= WHAT NEEDS TO BE DONE =
A faithful, word-for-word copy of the data below is required, without pictures.

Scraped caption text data

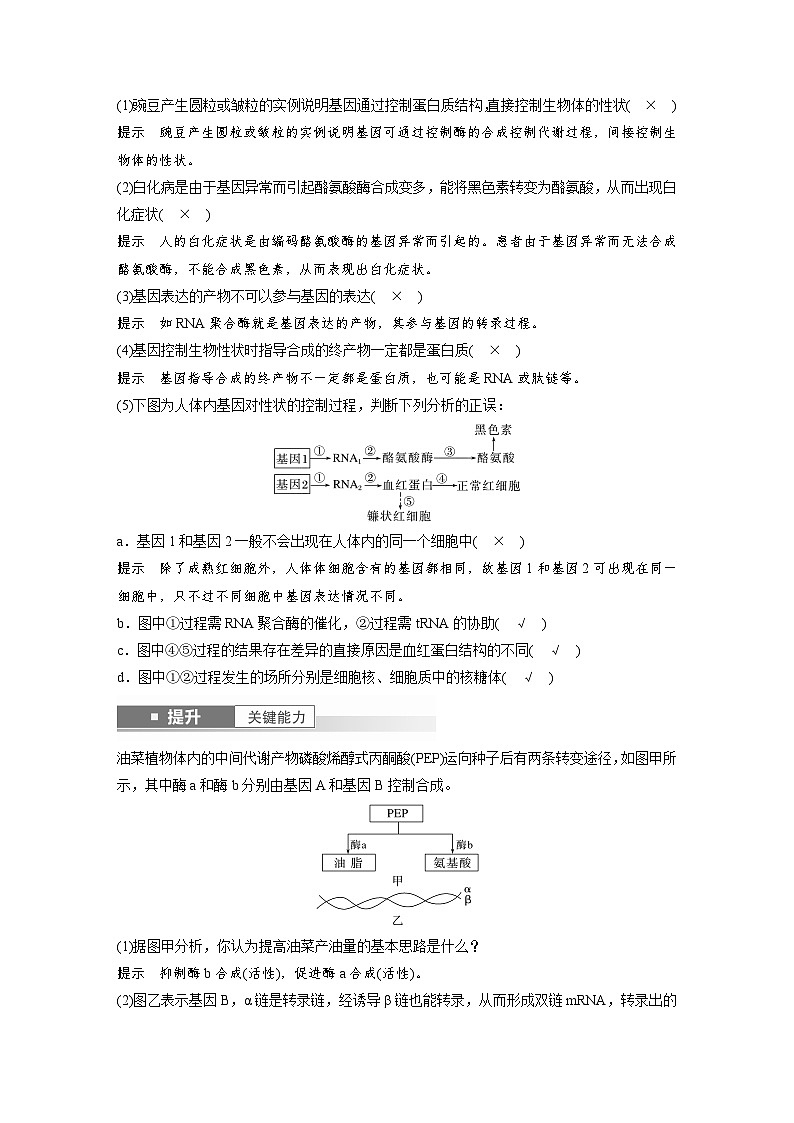 第六单元　第32课时　基因表达与性状的关系-2025年高考生物大一轮复习（课件+讲义+练习）教师版第3页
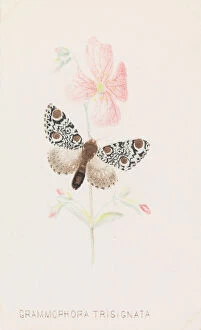 Grammophora Trisignata, 1862.. Creator: Louis Prang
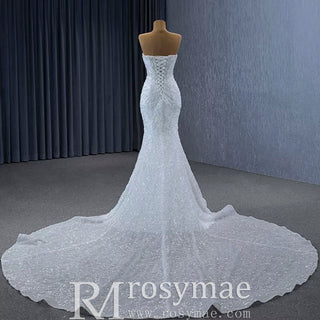 Sparkly High-end Fit and Flare Wedding Dress with Sheer Bodice - Rosymae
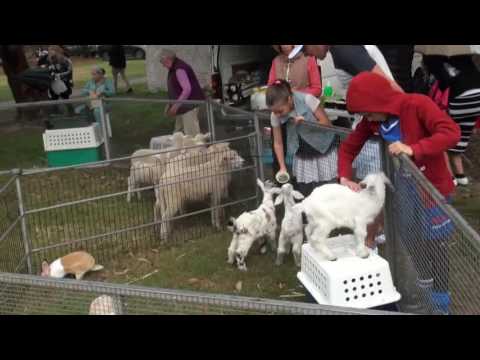 The Great Lag Baomer Parade Sydney Australia 5777 2017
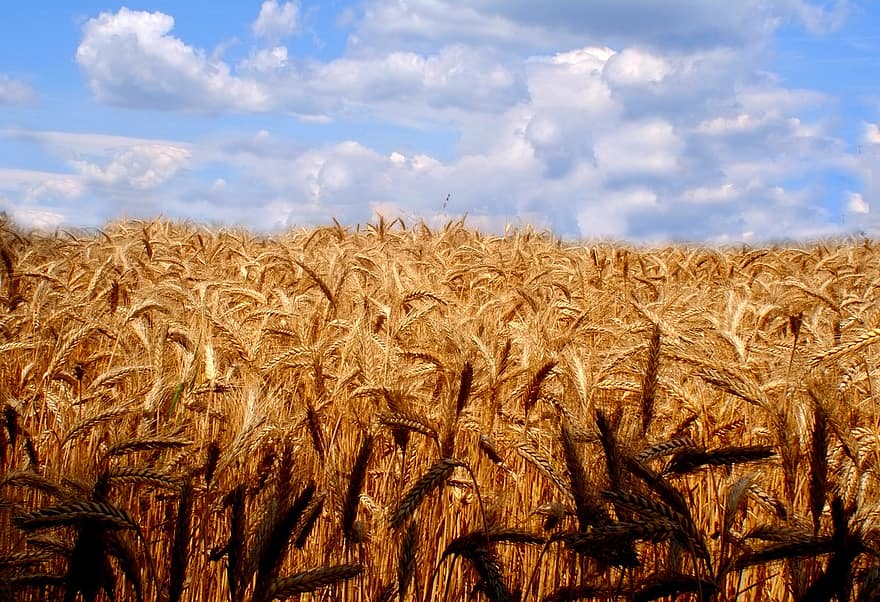 korn, felt, jordbruk, rug, hvete, himmel, landlige scene, sommer, gård, vekst, gul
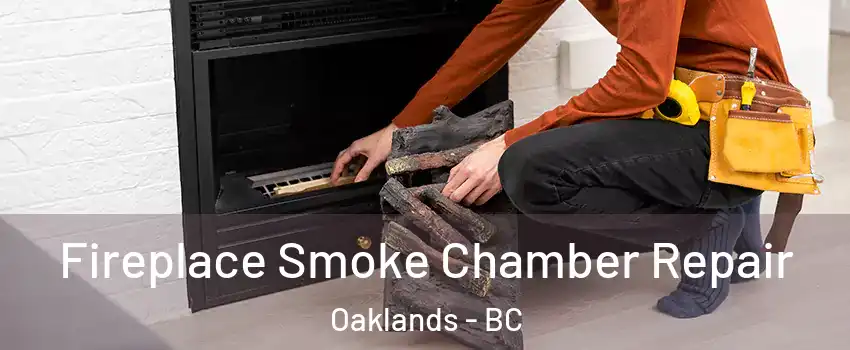  Fireplace Smoke Chamber Repair Oaklands - BC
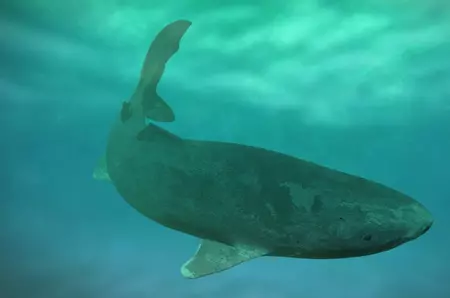 Ce animale trăiesc cel mai mult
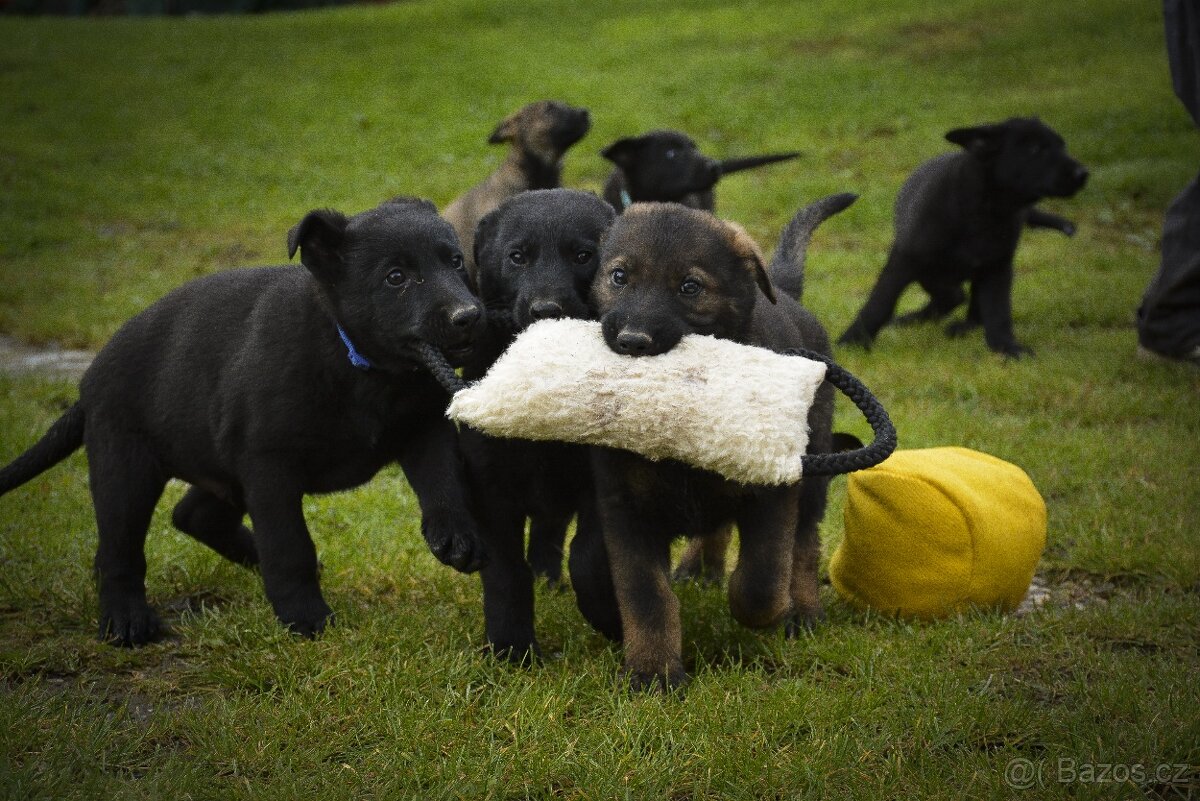 Německý ovčák s PP - 3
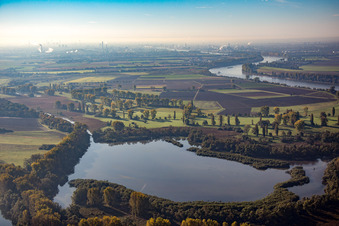 Vue aérienne de Lampertheimer Althrein au Welschen Loch à Lampertheim dans le département Hesse, Allemagne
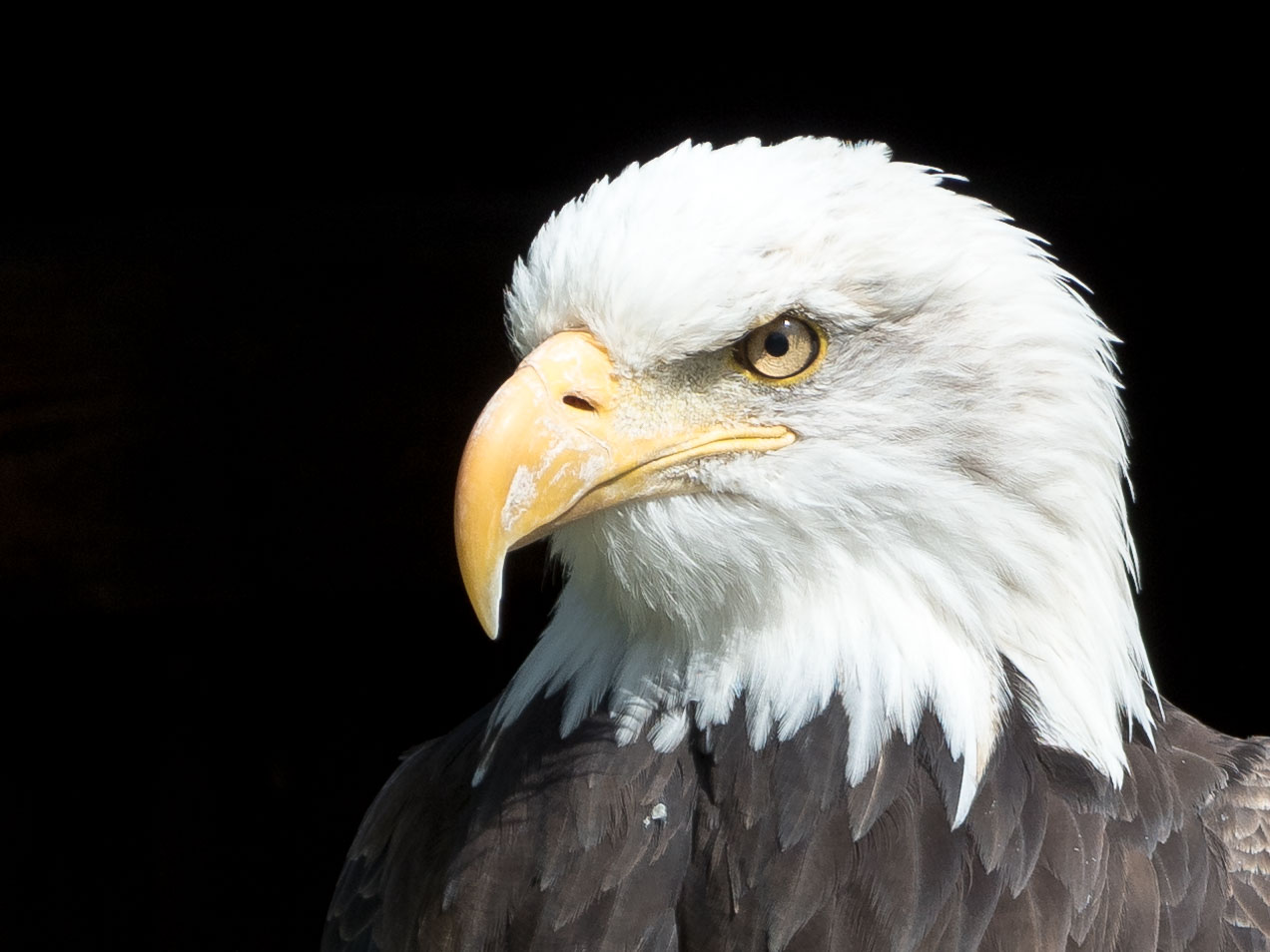 Tierpark Sababurg_033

= ANSWER FOR THE TASK =
 第六单元　第32课时　基因表达与性状的关系-2025年高考生物大一轮复习（课件+讲义+练习）教师版第3页
 Grammophora Trisignata, 1862.. Creator: Louis Prang
 Sparkly High-end Fit and Flare Wedding Dress with Sheer Bodice - Rosymae
 The Great Lag Baomer Parade Sydney Australia 5777 2017
 korn, felt, jordbruk, rug, hvete, himmel, landlige scene, sommer, gård, vekst, gul
  Fireplace Smoke Chamber Repair Oaklands - BC
 Ce animale trăiesc cel mai mult
 Německý ovčák s PP - 3
 Vue aérienne de Lampertheimer Althrein au Welschen Loch à Lampertheim dans le département Hesse, Allemagne
 Tierpark Sababurg_033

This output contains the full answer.